[[ Data to process open ]]

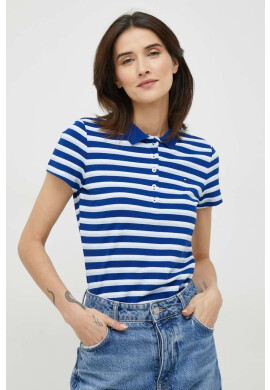 Tommy Hilfiger Тениска с яка в синьо с яка тип peter pan - Pepit.bg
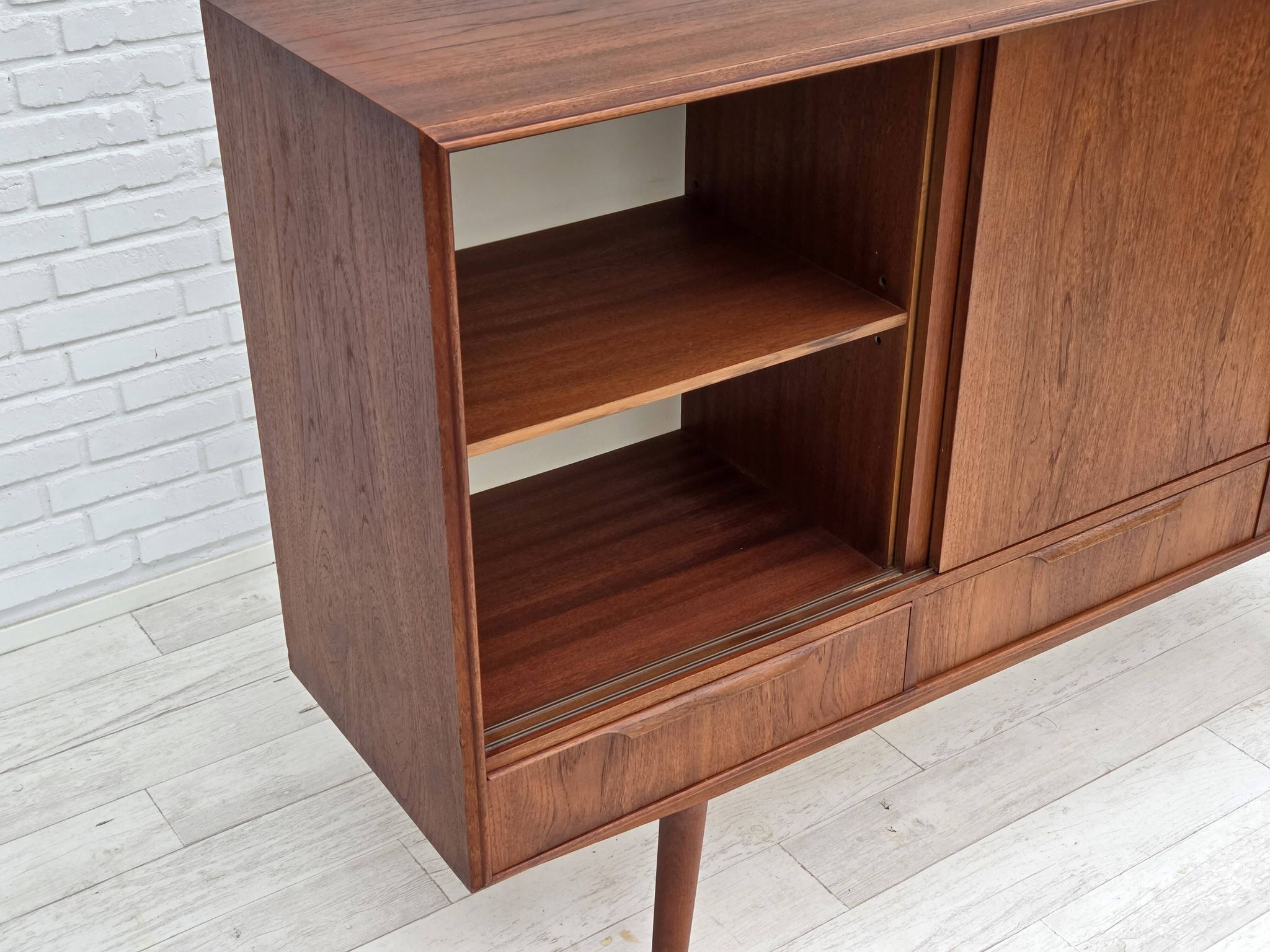 1960s, Danish chest of drawers, teak wood, mirror inside, sliding doors.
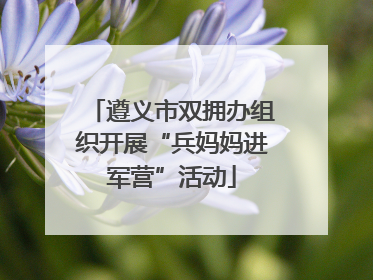 遵义市双拥办组织开展“兵妈妈进军营”活动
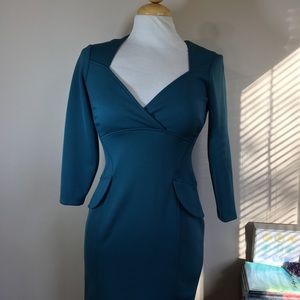 Maggy London Teal Sheath Bodycon 3/4 Sleeve Dress Maggy London Teal Sheath Bodycon 3/4 Sleeve Dress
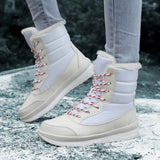 Women's Solid Color Snow Boots, Casual Lace Up Plush Lined Boots, Comfortable Winter Boots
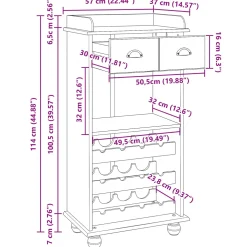vidaXL Wijnkast ASKIM Wit met Honingtopp 57 x 37 x 114 cm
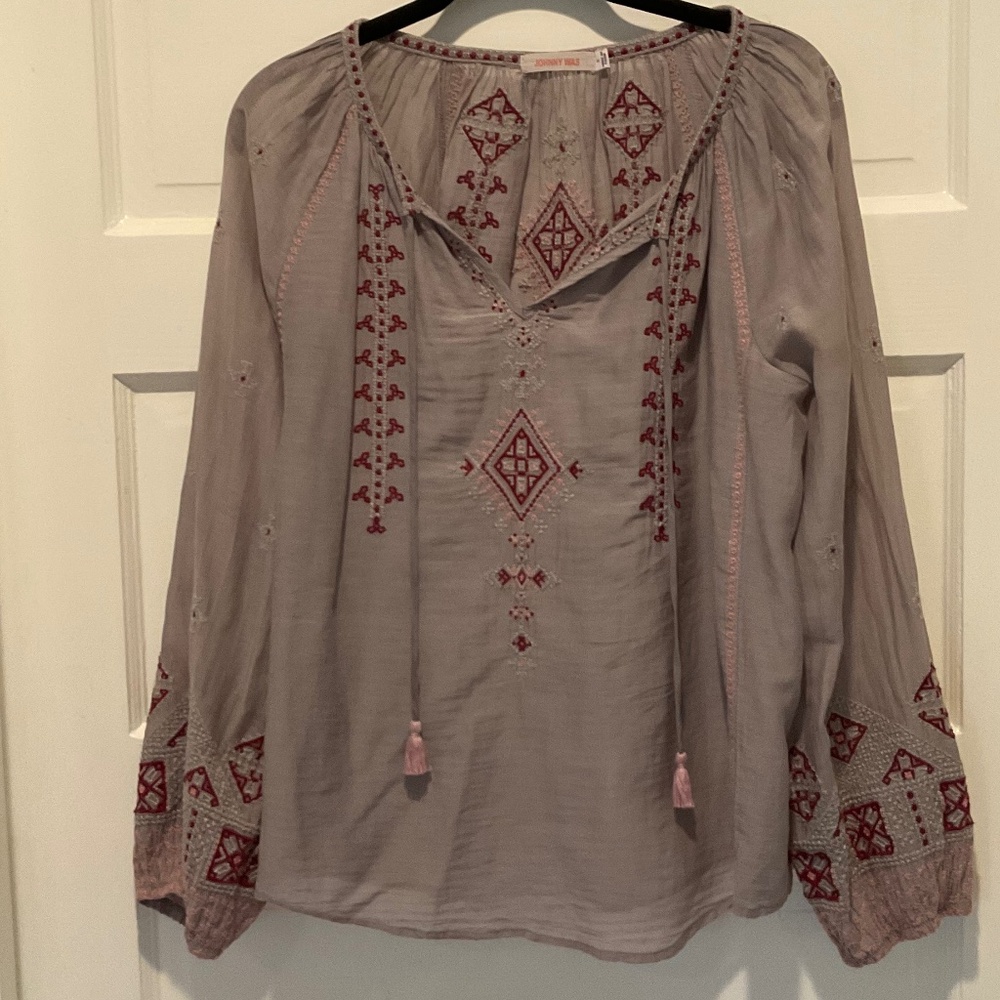 Embroidered Jonny Was tunic, grey, pink and maroon, size small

[[ Data to process closed ]]

- [Task brief]
Extract the run of lines beginning with the line that holds "Maggy London Teal Sheath Bodycon 3/4 Sleeve Dress Maggy" and ending at the last line of the data, inclusive. Exclude any pictures from the copy.

- [Response]
 Maggy London Teal Sheath Bodycon 3/4 Sleeve Dress Maggy London Teal Sheath Bodycon 3/4 Sleeve Dress
 Women's Solid Color Snow Boots, Casual Lace Up Plush Lined Boots, Comfortable Winter Boots
vidaXL Wijnkast ASKIM Wit met Honingtopp 57 x 37 x 114 cm
 Embroidered Jonny Was tunic, grey, pink and maroon, size small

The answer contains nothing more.